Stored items
· · · ·

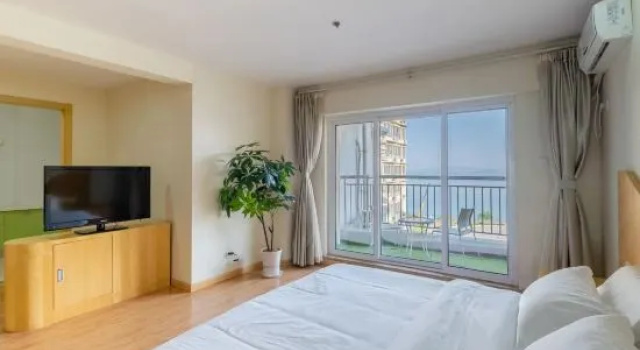 Семейный люкс с балконом и с видом на море Yijingxuan Hotel
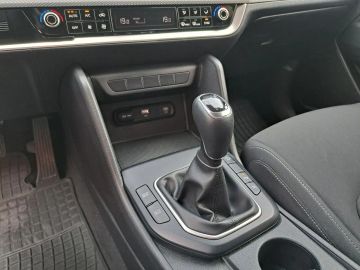 Car image 30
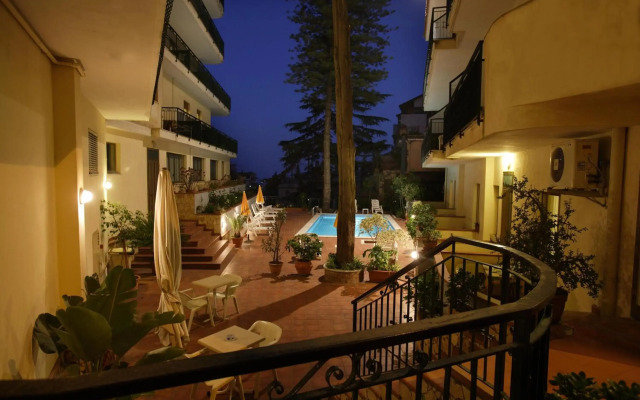 Hotel Soleado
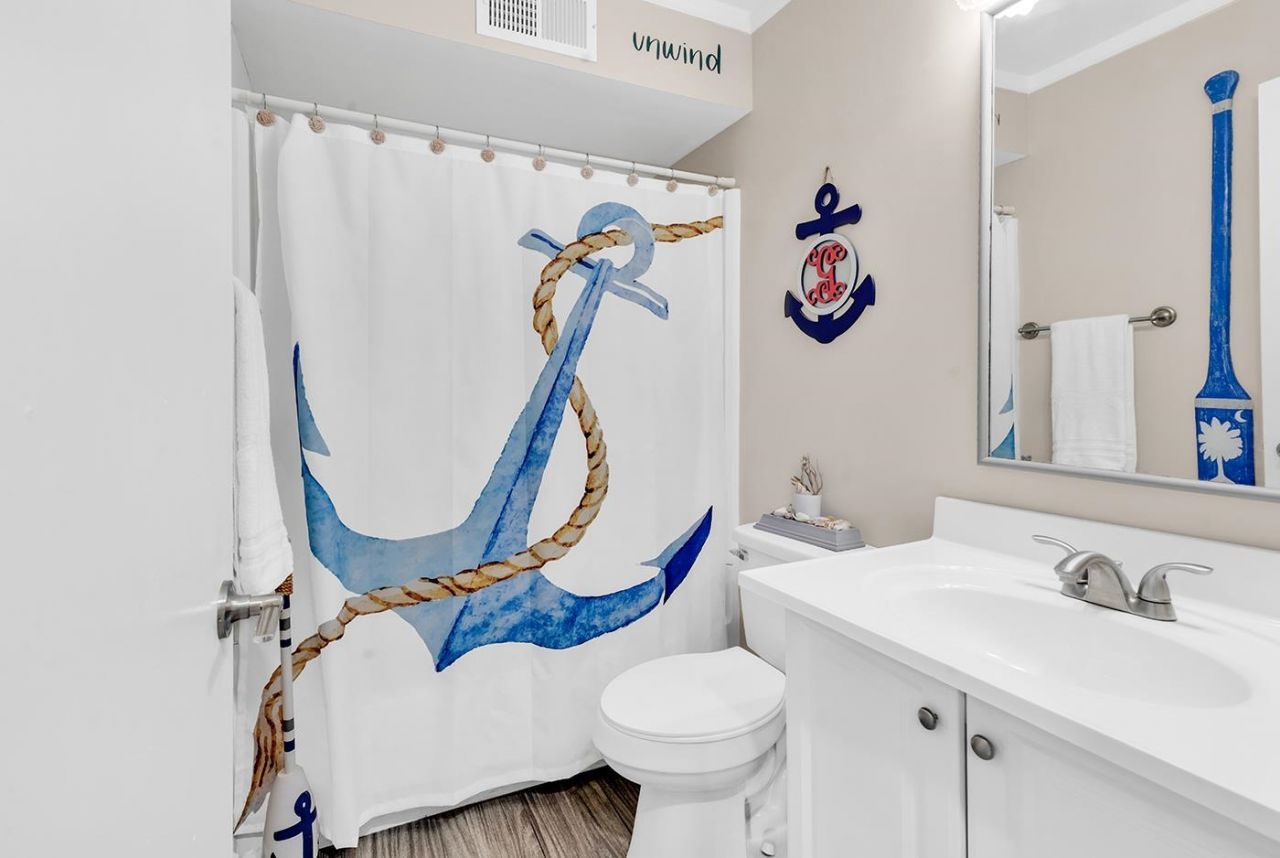 9661 Shore Dr. Photo 28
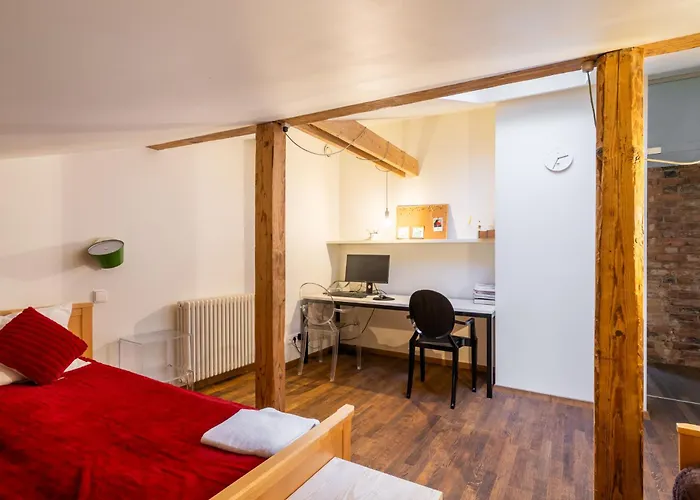 Elegant And Spacious Daire Riga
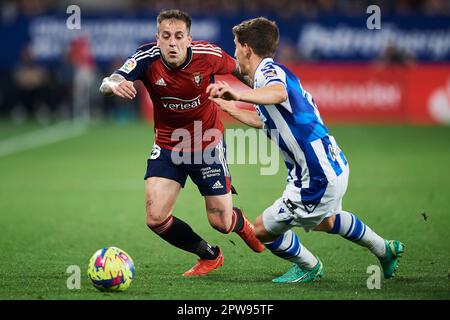 Ruben Pena von CA Osasuna und Aihen Munoz von Real Sociedad während des Spiels La Liga zwischen CA Osasuna und Real Sociedad, gespielt am 28. April 2023 im El Sadar Stadion in Pamplona, Spanien. (Foto: Cesar Ortiz / PRESSIN) Kredit: PRESSINPHOTO SPORTS AGENCY/Alamy Live News Stockfoto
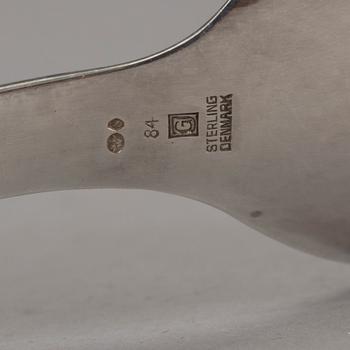 GEORG JENSEN, Danmark, silver. Serveringssked, ca 1933-1944. Vikt ca 103 gram.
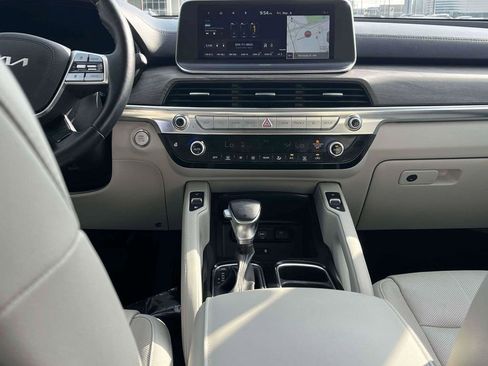 Used 2022 Kia Telluride EX image 3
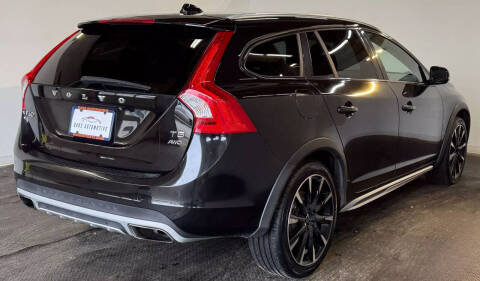 2017 Volvo V60 Cross Country T5 Premier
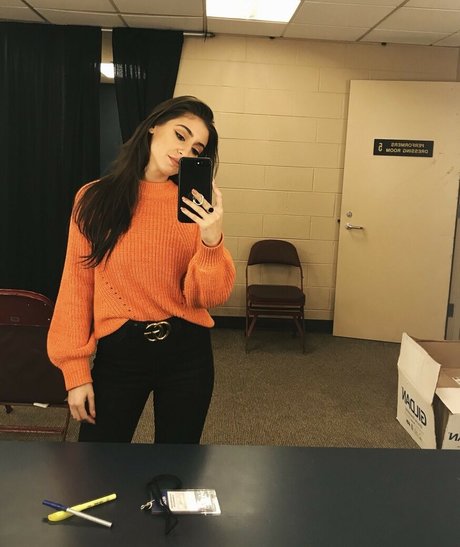 黒檀ペッギングオンリーファンズ セクシーヌード 写真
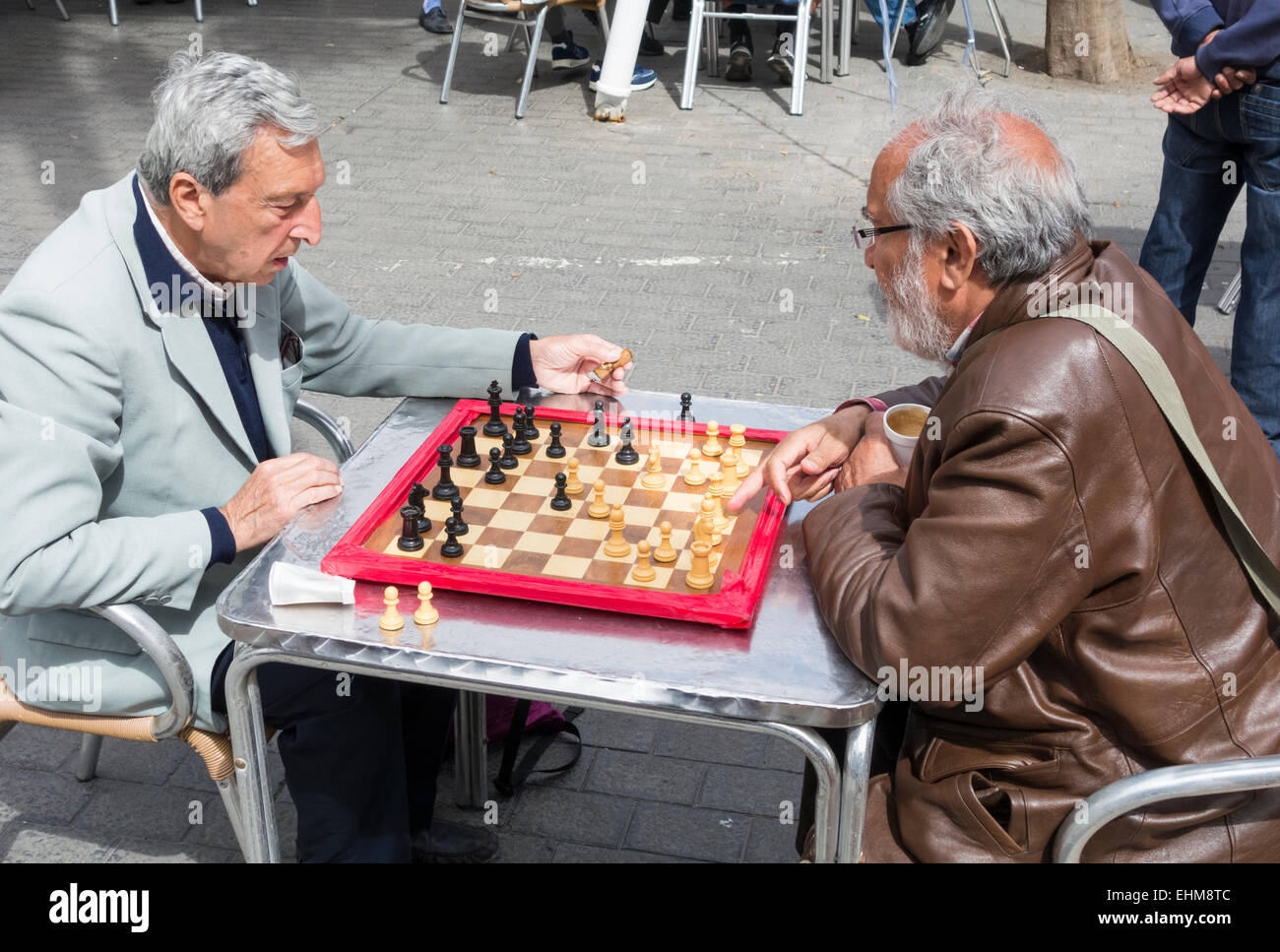 Gli uomini che giocano a scacchi in Parque Santa Catalina, Las Palmas di Gran Canaria Isole Canarie Spagna Foto Stock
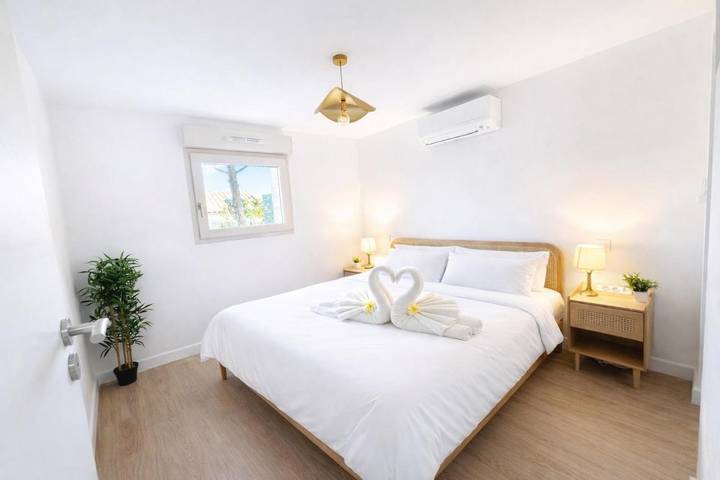 Gîte pour 4 personnes, avec jacuzzi et jardin à Gleizé - 2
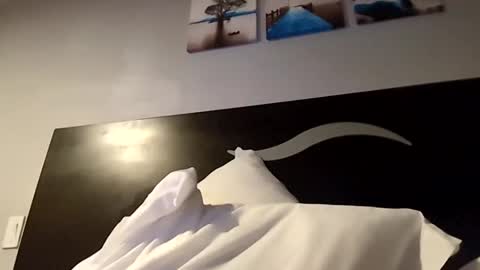 theh4iryfi5h online show from 8, 3, 2026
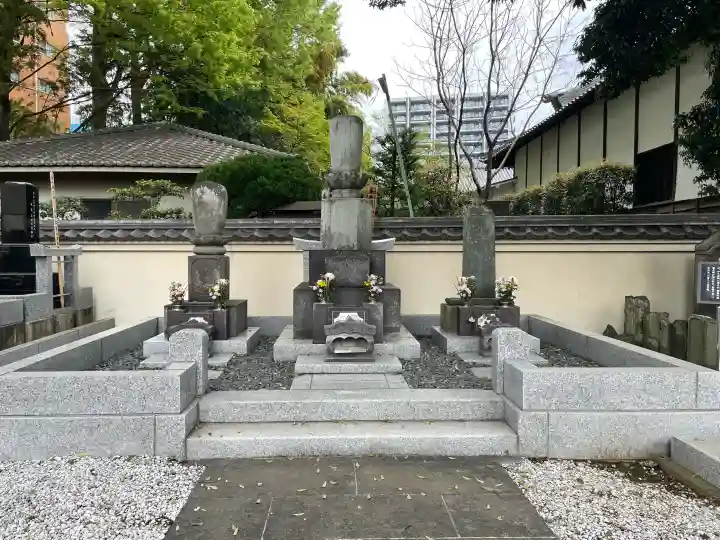 蓮馨寺の{uncategorized: "未分類", other: "その他", undefined: "問題あり", building: "その他建物", grave: "お墓", sacred_gate: "鳥居", guardian: "狛犬", statue: "像", buddha: "仏像", history: "歴史", nature: "自然", garden: "庭園", animal: "動物", pagoda: "塔", temizu: "手水舎", mountain_gate: "山門・神門", sanctuary: "本殿・本堂", subordinate: "末社・摂社", art: "芸術", scenery: "景色", jizo: "地蔵", ema: "絵馬", goshuin: "御朱印", omikuji: "おみくじ", items: "授与品その他", amulet: "お守り", goshuincho: "御朱印帳", eats: "食事", festival: "お祭り", votive_dance: "神楽", shichigosan: "七五三参", wedding: "結婚式", experience: "体験その他", initially: "初詣", around: "周辺", anti_infection: "感染症対策"}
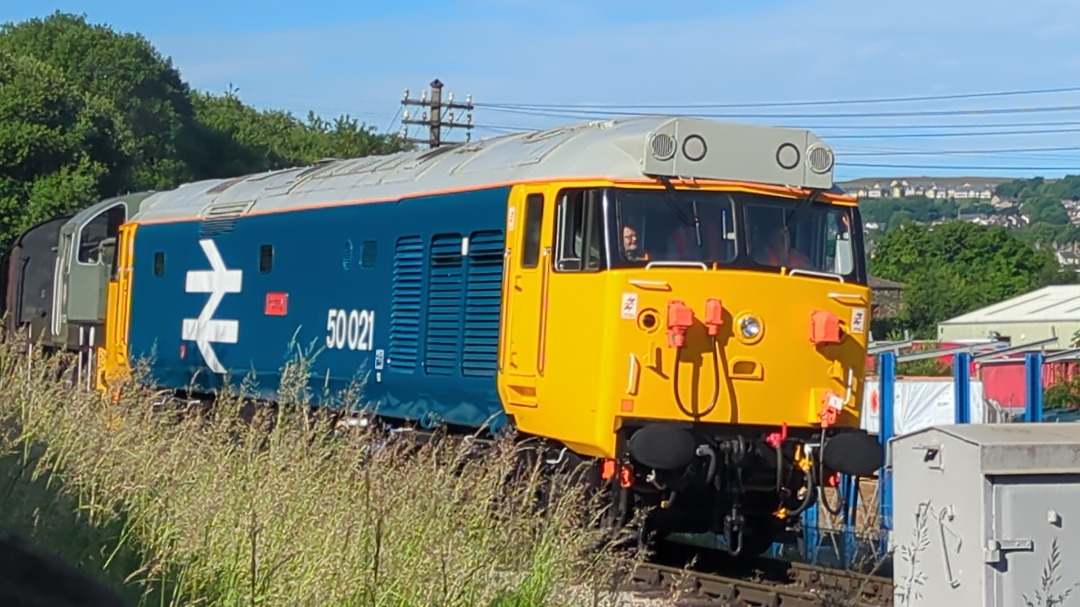 kieran harrod on Train Siding: Few shots of 50021 Rodney in action looking amazing and fresh in its BR large logo livery at the Keighley & WVR diesel gala
yesterday....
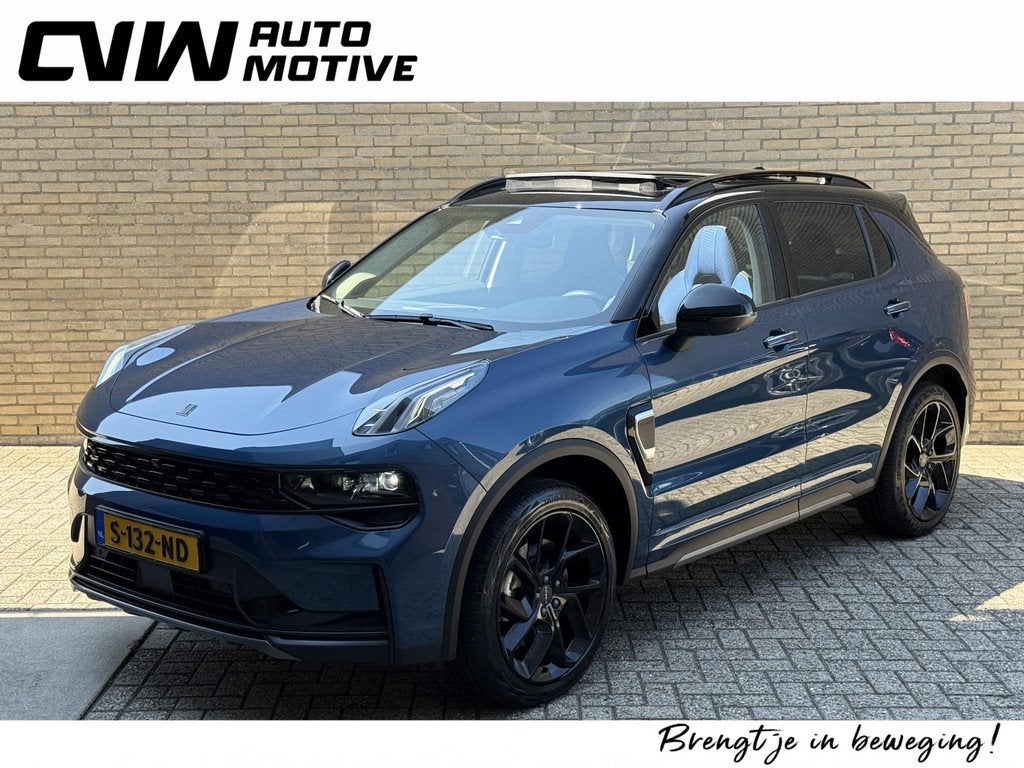 Lynk & Co 01 1.5 PHEV 261pk | Blackline | Panoramadak | 360, Auto's, Lynk & Co, Stof, Euro 6, Blauw, 120 €/maand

· · · ·

__About this task__.
What you return must be every entry, word for word, without any pictures.

__Solved problem__.
 Семейный люкс с балконом и с видом на море Yijingxuan Hotel
 Car image 30
 Hotel Soleado
 9661 Shore Dr. Photo 28
 Elegant And Spacious Daire Riga
 Ruben Pena von CA Osasuna und Aihen Munoz von Real Sociedad während des Spiels La Liga zwischen CA Osasuna und Real Sociedad, gespielt am 28. April 2023 im El Sadar Stadion in Pamplona, Spanien. (Foto: Cesar Ortiz / PRESSIN) Kredit: PRESSINPHOTO SPORTS AGENCY/Alamy Live News Stockfoto
 GEORG JENSEN, Danmark, silver. Serveringssked, ca 1933-1944. Vikt ca 103 gram.
 Used 2022 Kia Telluride EX image 3
 2017 Volvo V60 Cross Country T5 Premier
 黒檀ペッギングオンリーファンズ セクシーヌード 写真
 Gli uomini che giocano a scacchi in Parque Santa Catalina, Las Palmas di Gran Canaria Isole Canarie Spagna Foto Stock
 Gîte pour 4 personnes, avec jacuzzi et jardin à Gleizé - 2
 theh4iryfi5h online show from 8, 3, 2026
 蓮馨寺の{uncategorized: "未分類", other: "その他", undefined: "問題あり", building: "その他建物", grave: "お墓", sacred_gate: "鳥居", guardian: "狛犬", statue: "像", buddha: "仏像", history: "歴史", nature: "自然", garden: "庭園", animal: "動物", pagoda: "塔", temizu: "手水舎", mountain_gate: "山門・神門", sanctuary: "本殿・本堂", subordinate: "末社・摂社", art: "芸術", scenery: "景色", jizo: "地蔵", ema: "絵馬", goshuin: "御朱印", omikuji: "おみくじ", items: "授与品その他", amulet: "お守り", goshuincho: "御朱印帳", eats: "食事", festival: "お祭り", votive_dance: "神楽", shichigosan: "七五三参", wedding: "結婚式", experience: "体験その他", initially: "初詣", around: "周辺", anti_infection: "感染症対策"}
 kieran harrod on Train Siding: Few shots of 50021 Rodney in action looking amazing and fresh in its BR large logo livery at the Keighley & WVR diesel gala
yesterday....
 Lynk & Co 01 1.5 PHEV 261pk | Blackline | Panoramadak | 360, Auto's, Lynk & Co, Stof, Euro 6, Blauw, 120 €/maand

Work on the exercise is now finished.